When it comes to punishment, how do we figure out the difference between “Hey, Bob, don’t do that” versus “Bob, you’ve lost your job.”

Lewis: So I think that most employers look for sort of the rule book when they come to us and they ask us, you know, the do you have a “if, then” statement that says, “If somebody does this, then we do that”? And that just doesn’t exist out there. So the first step is for companies to go ahead and decide what their culture is going to be and how are they going to, at least going forward, handle these types of issues and mitigate them when they occur. Then the most important piece of that after is to be consistent. I mean, there’s too many times where we’ll go in and we’ll talk to someone where the company has terminated immediately an individual in a lower-level role for the same kind of behavior that they’re about to do retraining for someone who’s at a senior-level role. You know, the head of sales tends to get away far more with the same kind of behavior that is not tolerated by someone who’s working in the mailroom.

How do we empower people who are at the lower end of a power differential?

Marquis: The ways to get at this power aspect is to begin with recognizing the expertise of the women themselves. That the women have experience in the field, experience in their work situation. They have an expertise in the conditions that allow this behavior to occur. David talked about the culture, and that’s critical, but there’s also physical conditions that we’re talking. Some of these restaurants, there’s late-night, post-shift activities, isolated storage rooms. The workers have seen the same things in the fields. If you can ensure women have a place at the table where the company is making its policies, you have much better probability of coming up with successful solutions. They can say, “it is in these conditions that this kind of behavior tends to occur,” and those conditions can be addressed.
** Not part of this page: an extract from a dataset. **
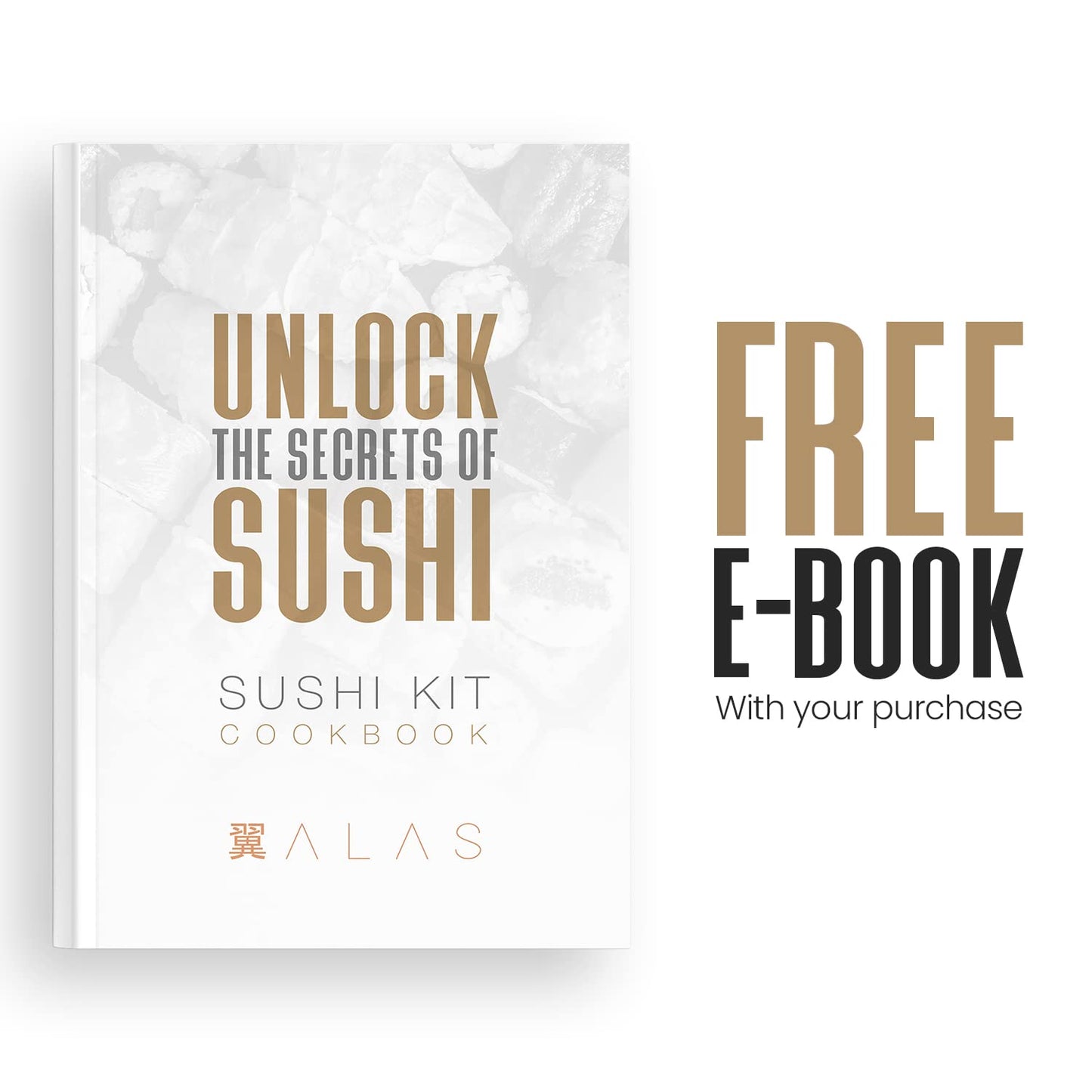 Alas Complete 20 Piece Sushi Making Set - Kit for Beginners & Pros with Knife, 2 Mats, Rice Bazooka and Dipping Plate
Lewis: I want to put a spotlight, though, on the fact that what was just described is now happening in a lot of millennial-driven organizations as well. In many of the tech firms and millennial-driven populations, there’s been a trend to go ahead and to turn these work environments into more fun environments. You’re finding ping-pong tables, foosball tables, pantries that actually have alcohol in them and it’s 7 o’clock in the evening. The workplace looks more like the happy hour at a local bar than it does the workplace. Then the one other alarming piece around this particular issue is that a lot of those companies are also hiring HR people that are more oriented on attracting and retaining talent, not on handling these types of complex employee relations issues. So now they get into situations where you have harassment claims, which are being driven and fueled by the fact that there’s an environment that’s more like a bar than a workplace, and suddenly you’ve got things that are potentially spinning out of control. This isn’t just about some of the, you know, blue-collar or service-oriented businesses. This is now very much a problem in corporate America.

Lizzie O’Leary: Well, wait a minute though. Lily, I want you to hop in here because you’re looking at this from a 30,000-foot cultural standpoint, and well, what is a modern workplace? Do we come close to victim blaming if we’re saying, “Well, gosh, we were all at the Christmas party.” 

LoofbourowI mean, I think it’s instructive and significant that the initial wave of allegations actually came from the entertainment industry where those distinctions actually are invisible. There is not necessarily an HR department in a lot of scenarios that would be able to respond to some of the concerns that came up. That said, I think we can learn a lot about what that kind of environment does and how it can change. And, you know, I think that one reason that we are seeing the beginning of the backlash that I’ve long been expecting to the “me too moment,” so to speak, is because we are seeing consequences being delivered piecemeal through what seems to amount to an inverse popularity contest in the entertainment industry. Look, the public was needed to get this ball rolling, and now it’s up to us to figure out what a good system should be, and I think we need a precise lexicon of unacceptable conduct. This is going to be slow, and it’s going to be hard, and it’s important that we be thoughtful and proceed with care.